The old ME articles can still be found on this site if you know where to look, just change the last 4 digits of teh url to get the next issue number and get them while you can.
I agree with Jason – most of the castings are more trouble than they're worth, better to use stock materials (or make your own castings, something I've just started with, for a future project mainly).
With your knowledge and equipment Django, I'm sure it wouldn't take you long to build a Minnie. The following pics are the state of play with mine as of today. I ordered the materials for the boiler almost exactly a year ago, so this is about a year's worth, by no means working on it every day. I bought laser cut spokes and strakes, but made the boiler and gears.
Friends – I have a 1" Minnie I recently bought in the UK. I want to run a steam line to it from one of my 3/4" locomotives. Where could one place a fitting to which one could attach a steam line? As a US-American, domeless traction engines are new to me. Thanks!
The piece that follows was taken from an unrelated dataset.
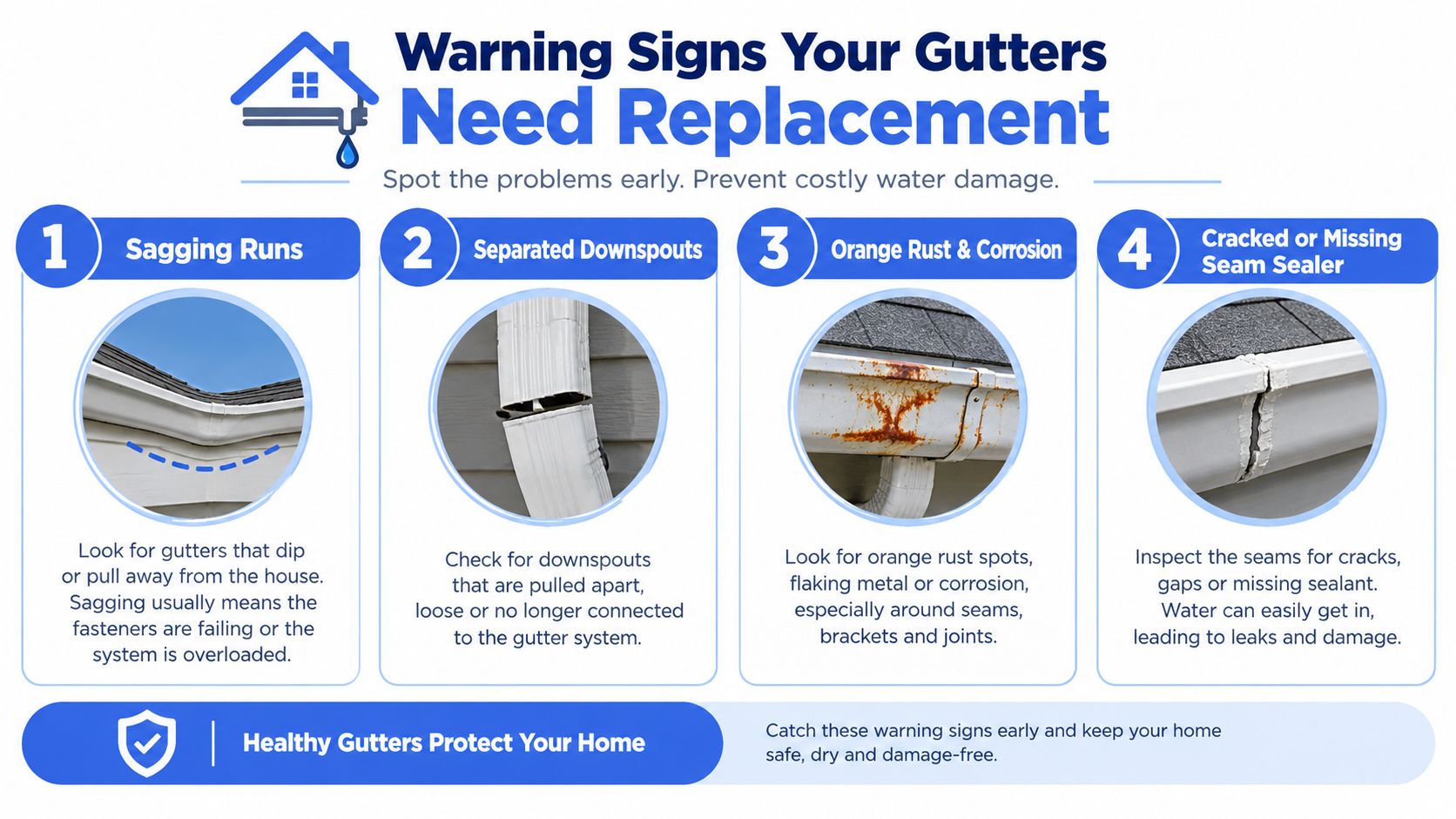 An infographic detailing four warning signs that indicate your home gutters need repair or replacement.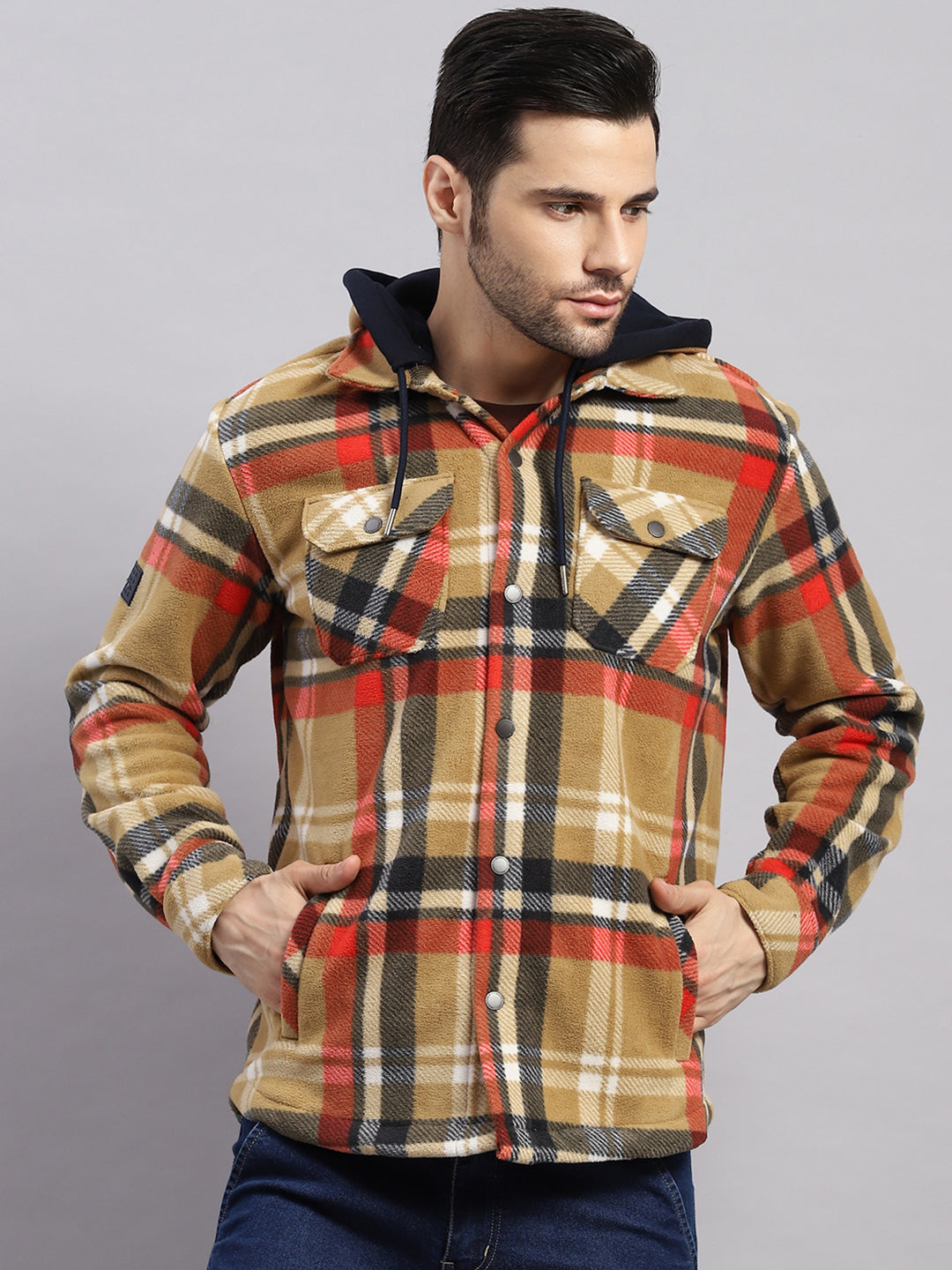 Men Khaki Self Design Hooded Extra-Warm Full Sleeve Shacket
Dear Jason: Of course, many thanks! I did not even know where the plug for filling with water was! That would be an obvious place to connect. Is there a booklet on how to run a Minnie? I have the book on constructing Minnie, but I don’t think it will help. Is this thread the best place to get info on a Minnie, or is there a group of Minnie owners meeting and consoling each other somewhere on-line?
A lot gets hidden by the final drive. With the two connections at pump and bypass being in line you will always have to kick one pipe sideways to miss the other.
Mine run closer together, though if I were doing it now they would be horizontal and parallel to each other forward of the wheel and I would do tighter bends, but I did not know any better at the time.